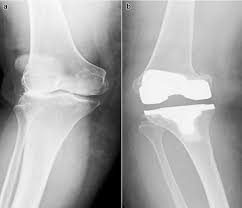 Suture fixation of a medial epicondyle fracture. Early Femoral Condyle Insufficiency Fractures After Total Knee Arthroplasty Treatment With Delayed Surgery And Femoral Component Revision Arthroplasty Today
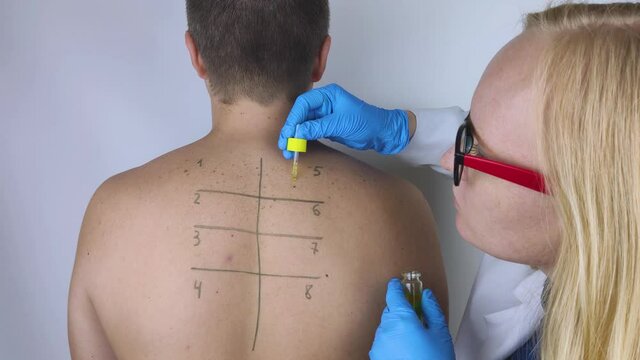 An allergist in the laboratory conducts an allergy prick-test. Skin test for household, food, epidermal allergic reactions. The test is performed on the patient's back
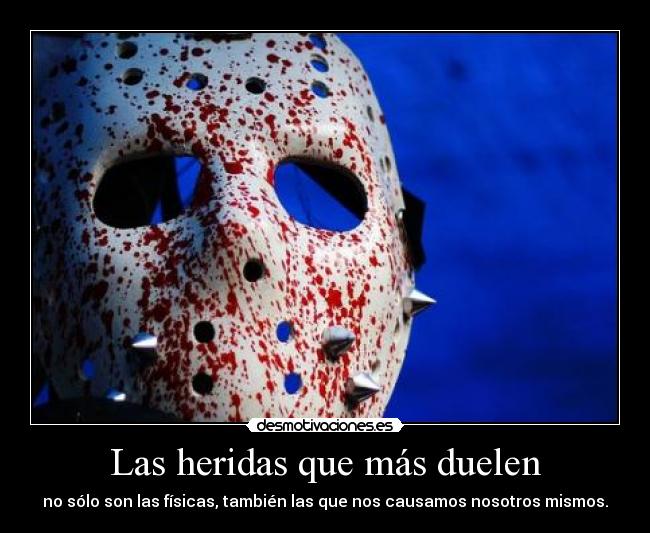 Las heridas que más duelen - no sólo son las físicas, también las que nos causamos nosotros mismos.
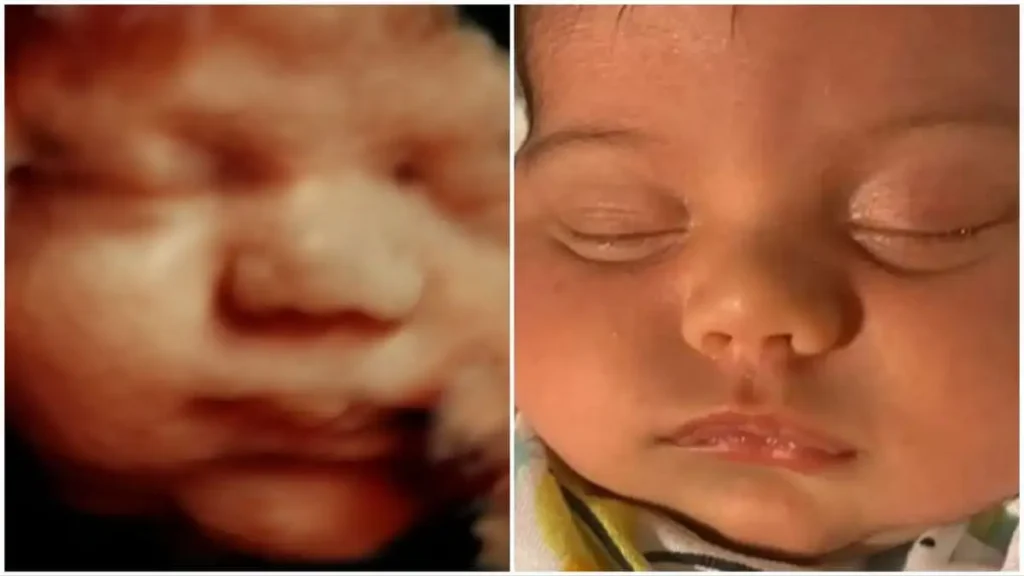 5D ultrasound photo compared to real baby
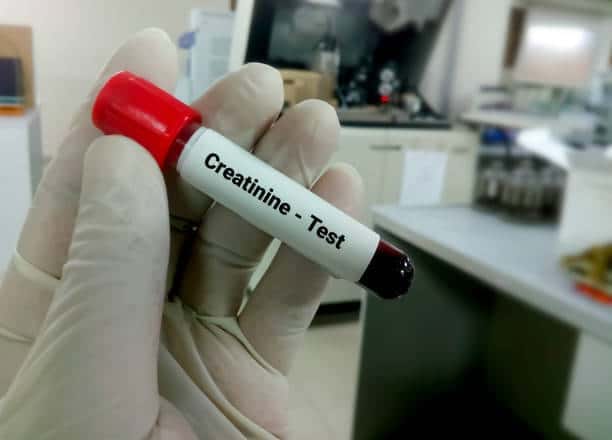 Creatinine Test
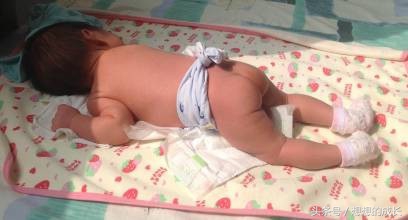 宝宝肺炎住院期间屁股发红,宝宝肺炎而且屁股上身上出红疹子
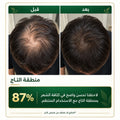 زجاجتان — الأكثر مبيعاً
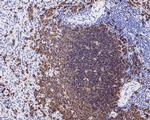 CD20 Antibody in Immunohistochemistry (Paraffin) (IHC (P))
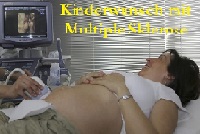 Kinderwunsch mit Multiple Sklerose Kinderwunsch mit Multiple Sklerose
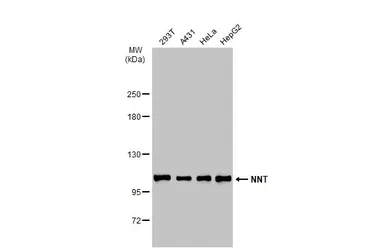 Anti-NNT antibody used in Western Blot (WB). GTX103015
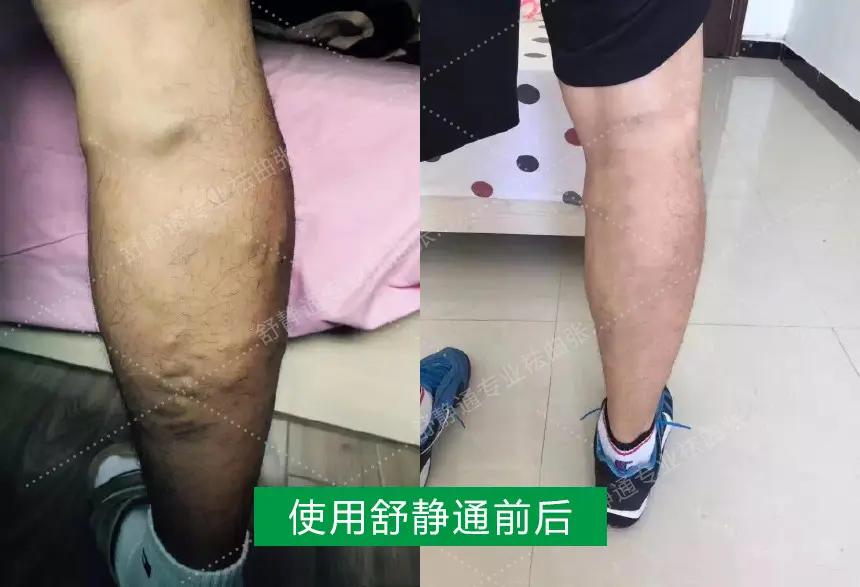 静脉曲张腿肿了怎么办 左侧腿部静脉曲张能治好吗 哔哩哔哩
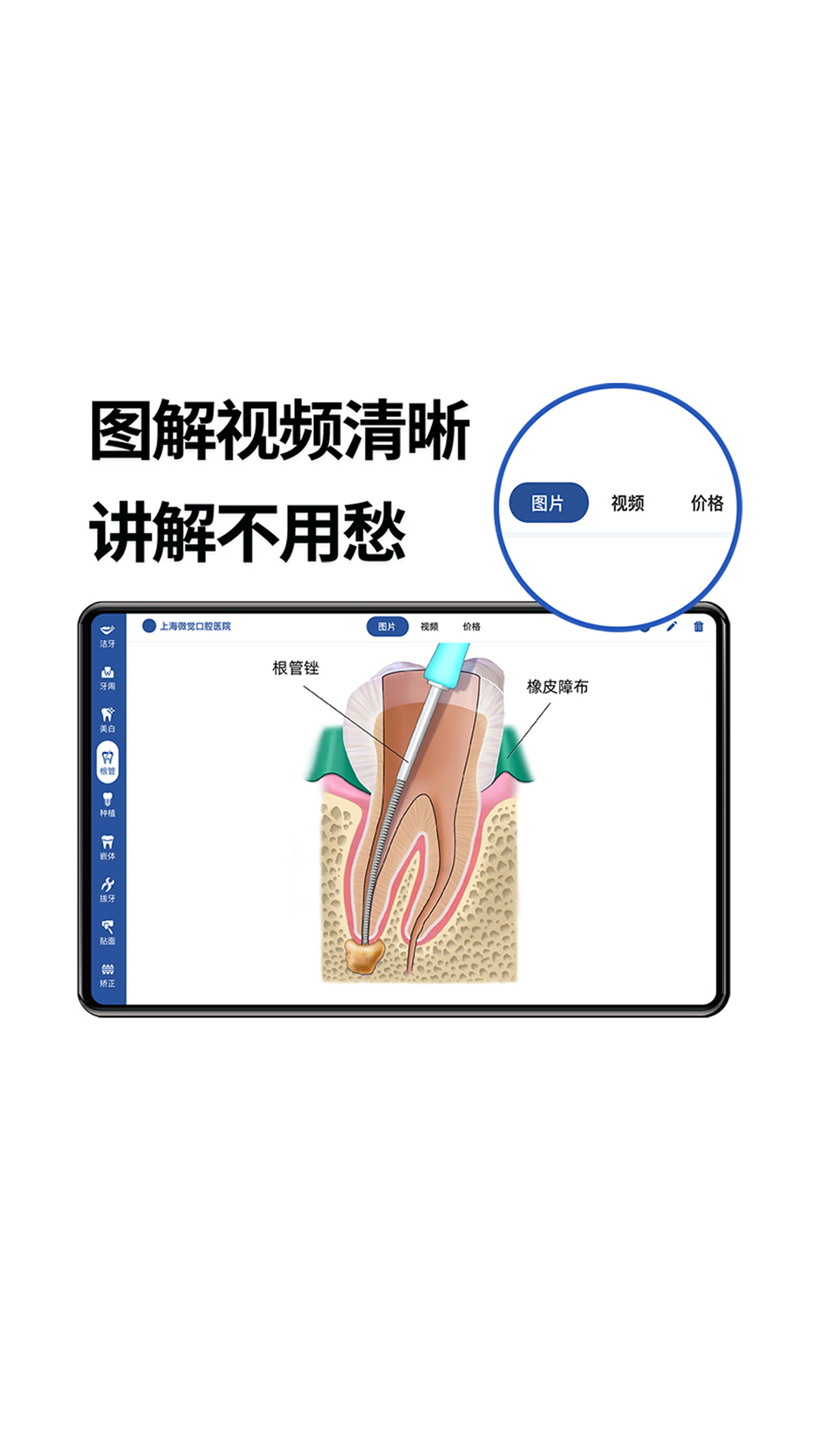 一分钟报价截图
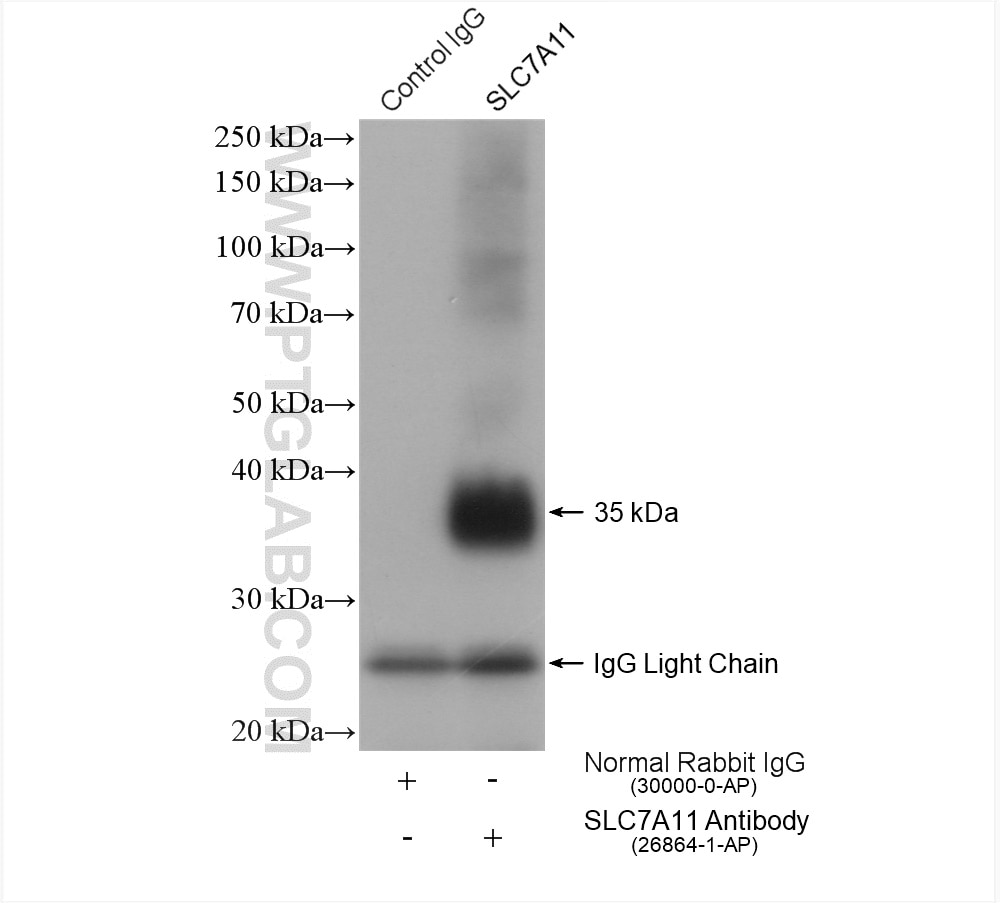 Immunoprecipitation (IP) experiment of A549 cells using SLC7A11/xCT Polyclonal antibody (26864-1-AP)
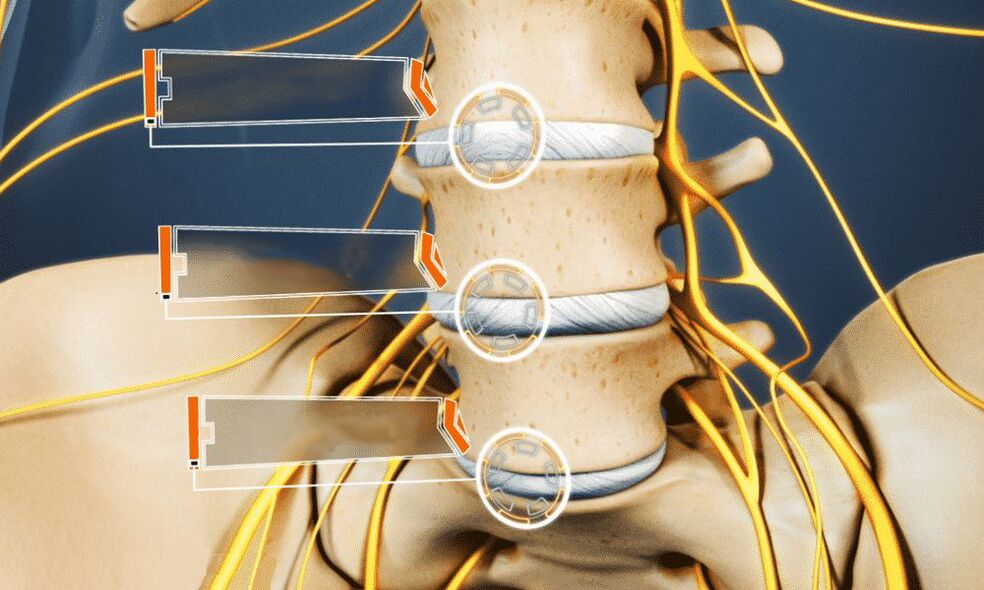 intervertebral Hernia féiert zu Impotenz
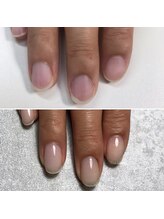 トレフル(Trefle)/自爪育成/同じ方の変化です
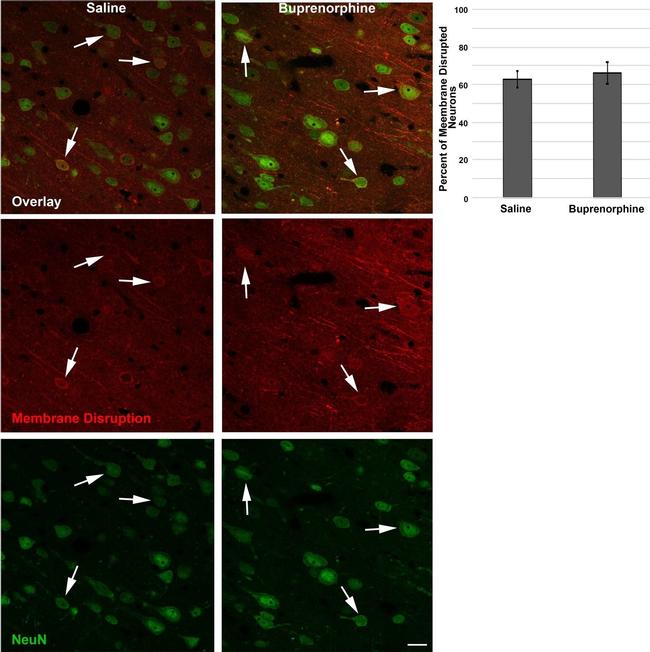 Goat IgG (H+L) Cross-Adsorbed Secondary Antibody in Immunohistochemistry (IHC)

--------------------------------------------------

• Task brief
Leaving the pictures aside, transcribe exactly the lines from the one containing "静脉曲张腿肿了怎么办 左侧腿部静脉曲张能治好吗 哔哩哔哩" to the final line of the entries above, both ends included.

• Output below
 静脉曲张腿肿了怎么办 左侧腿部静脉曲张能治好吗 哔哩哔哩
 一分钟报价截图
 Immunoprecipitation (IP) experiment of A549 cells using SLC7A11/xCT Polyclonal antibody (26864-1-AP)
 intervertebral Hernia féiert zu Impotenz
 トレフル(Trefle)/自爪育成/同じ方の変化です
 Goat IgG (H+L) Cross-Adsorbed Secondary Antibody in Immunohistochemistry (IHC)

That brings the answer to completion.